The global sales of biofuels are about $140 billion, led by North America With sales doubling in 2021 compared to a year earlier, EV seems to be the prime alternative to fossil fuels
In a bid to decarbonise the transportation sector, electric vehicle (EV) technology has emerged as a viable alternative to the non-renewable fossil fuels. But so have biofuels. Biofuels can be used as replacements for petroleum-based fuels like gasoline and diesel. As we search for fuels that won’t contribute to the greenhouse effect and climate change, biofuels are a promising option because the carbon dioxide (CO2) they emit is recycled through the atmosphere. Although the burning of biodiesel produces carbon dioxide emissions similar to those from ordinary fossil fuels, the plant feedstock used in the production absorbs carbon dioxide from the atmosphere when it grows. In addition, engines that run on biodiesel can be more efficient than gasoline-powered engines.
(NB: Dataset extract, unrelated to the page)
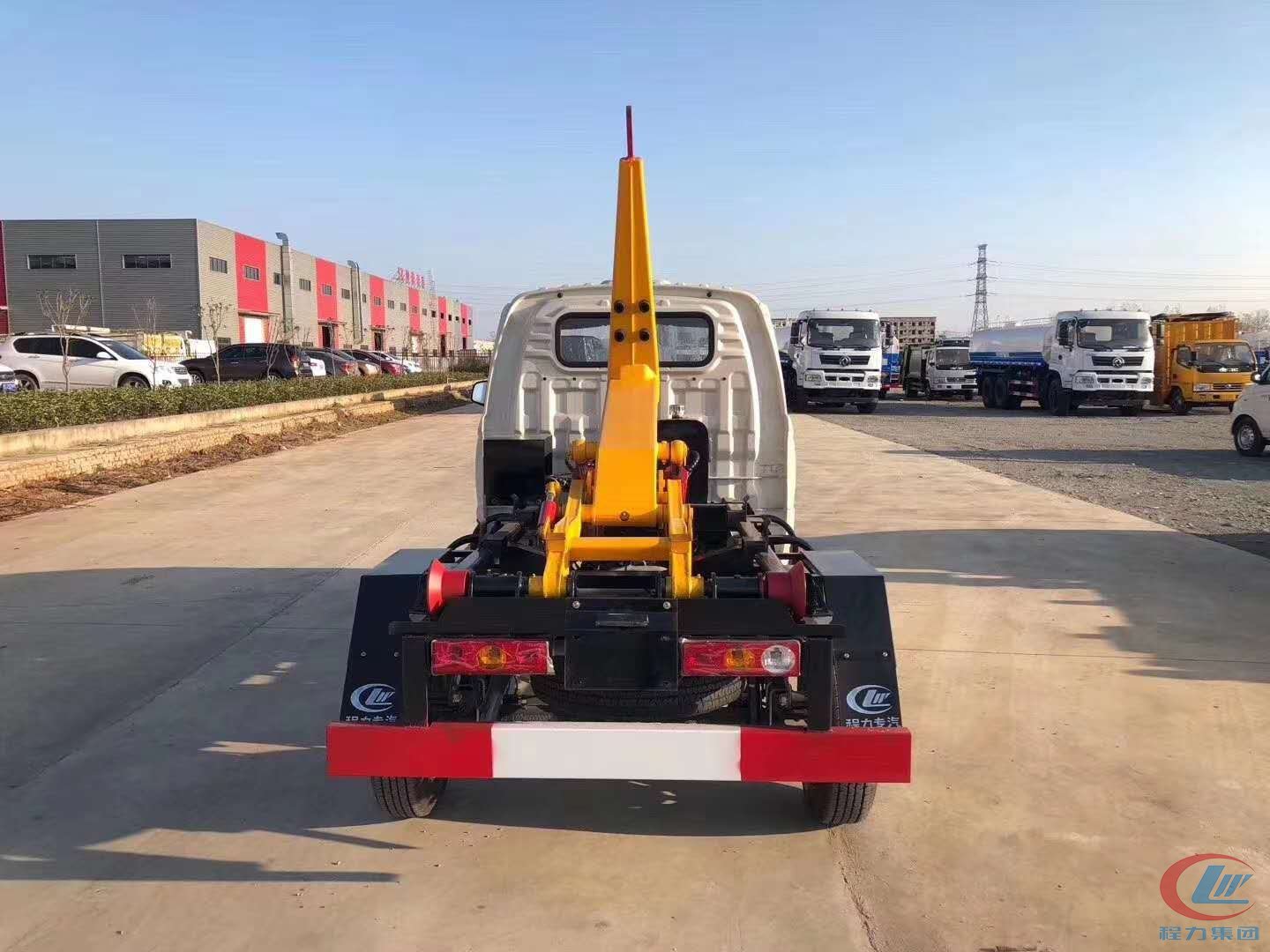 国六3方福田祥菱V勾臂式垃圾车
Similarly, electrifying the mobility will also stand as an alternative to fossil fuels driven ICE vehicles, but only if the batteries are charged with renewable energy. Of course, for electric mobility to have a net positive contribution to emissions reduction, a long-term change in energy supply infrastructure is prerequisite. As most of today’s electric cars are powered by coal-produced electricity, it defeats the purpose of attempting to decarbonise.
Nevertheless, Biofuels and EVs, each has shown promise to be a viable alternative to fossil fuels, replacing pollution causing energy source sooner or later. Interestingly, which one will dominate the market remains a topic of speculation. Biofuels can be used to power vehicles that run on internal combustion engines (ICE), while, to make use of EV, their percentage share in transportation needs to be increased. Thus, Biofuels can address the world’s present challenges, while EVs may run the future. In more optimistic scenario, it is possible that we may have a future where ICE vehicles and EVs coexist.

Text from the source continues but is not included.